Would you reproduce each of the records below precisely, with the pictures left out?

Provided entries:
++++++++

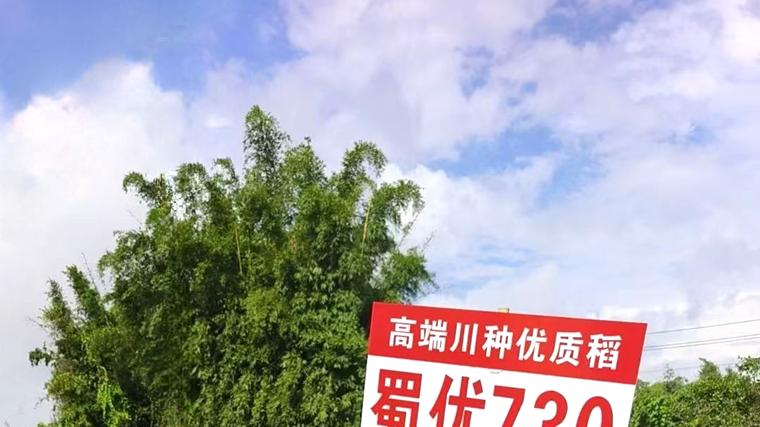 抗倒抗病又高产——四川禾嘉种业“蜀优 730” 获天府种业展大奖访谈录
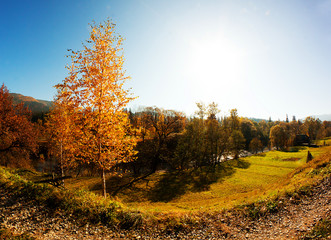 Fototapeta premium Autumn. Fall. Autumn panorama with trees and river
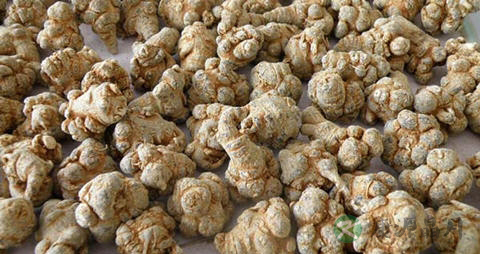 田七的功效与作用及食用方法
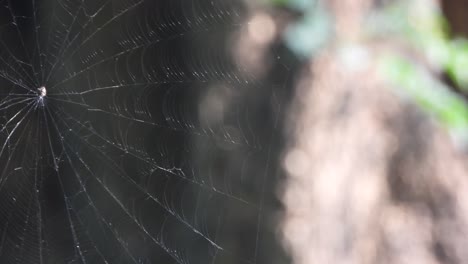 Spider-web-in-wind---home-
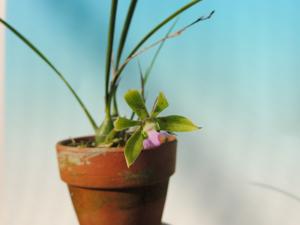 Encyclia bracteata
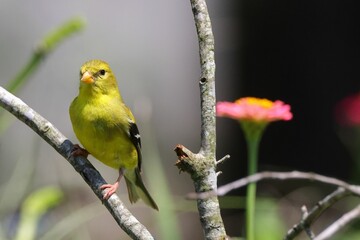 Vibrant yellow bird perched on a branch with a blurred background and flowers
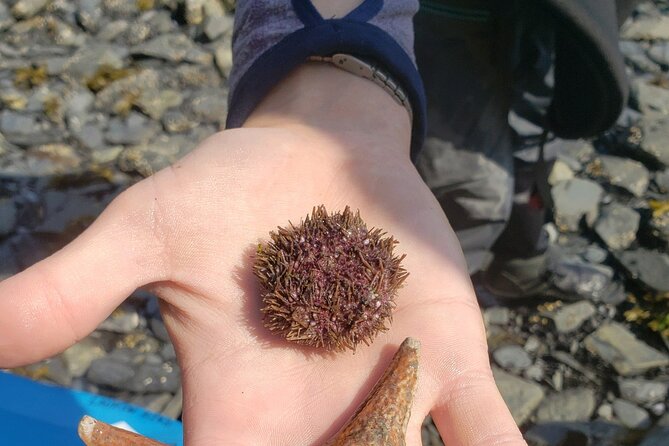 Kayak Paddle on Resurrection Bay - Key Points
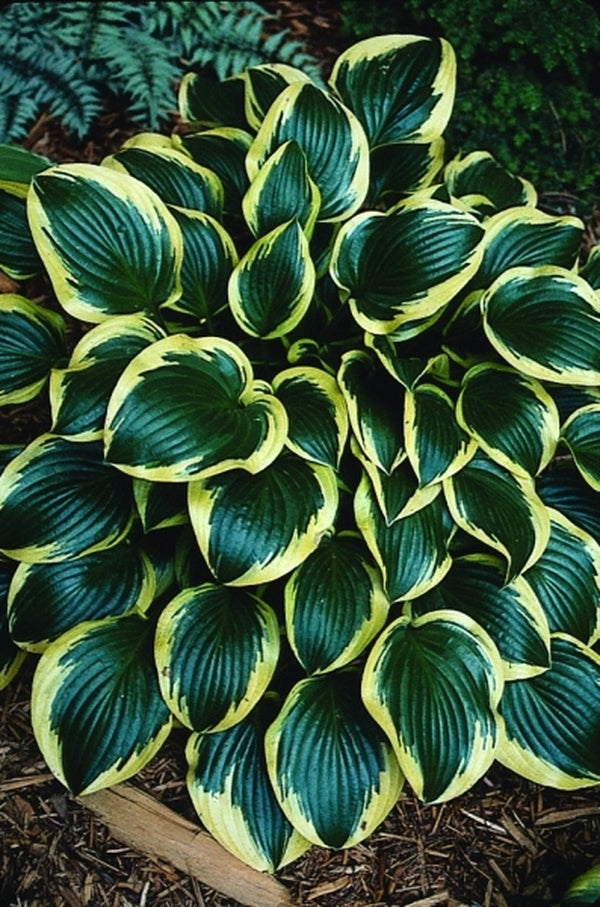 Image of Hosta 'Queen Josephine'|P. Stygall Gdn, IN|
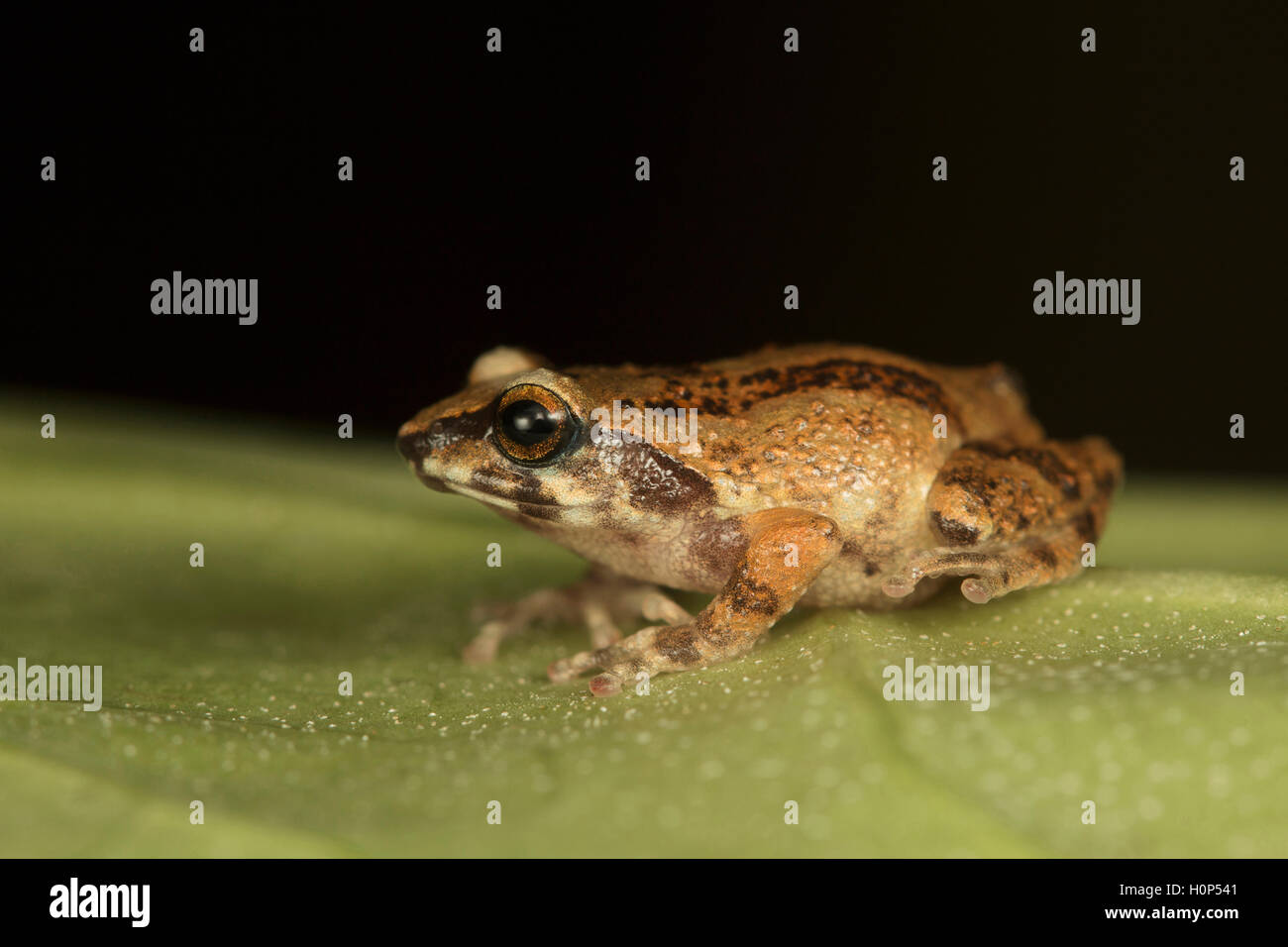 Small bush frog, Raorchestes dubois Kodaikanal, Tamil Nadu. Breeds in monsoons and froglets hatch from eggs. Family: Rhacophoridae IUCN : Vulnerable Stock Photo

++++++++

Exercise result:
 抗倒抗病又高产——四川禾嘉种业“蜀优 730” 获天府种业展大奖访谈录
 Fototapeta premium Autumn. Fall. Autumn panorama with trees and river
 田七的功效与作用及食用方法
 Spider-web-in-wind---home-
 Encyclia bracteata
 Vibrant yellow bird perched on a branch with a blurred background and flowers
 Kayak Paddle on Resurrection Bay - Key Points
 Image of Hosta 'Queen Josephine'|P. Stygall Gdn, IN|
 Small bush frog, Raorchestes dubois Kodaikanal, Tamil Nadu. Breeds in monsoons and froglets hatch from eggs. Family: Rhacophoridae IUCN : Vulnerable Stock Photo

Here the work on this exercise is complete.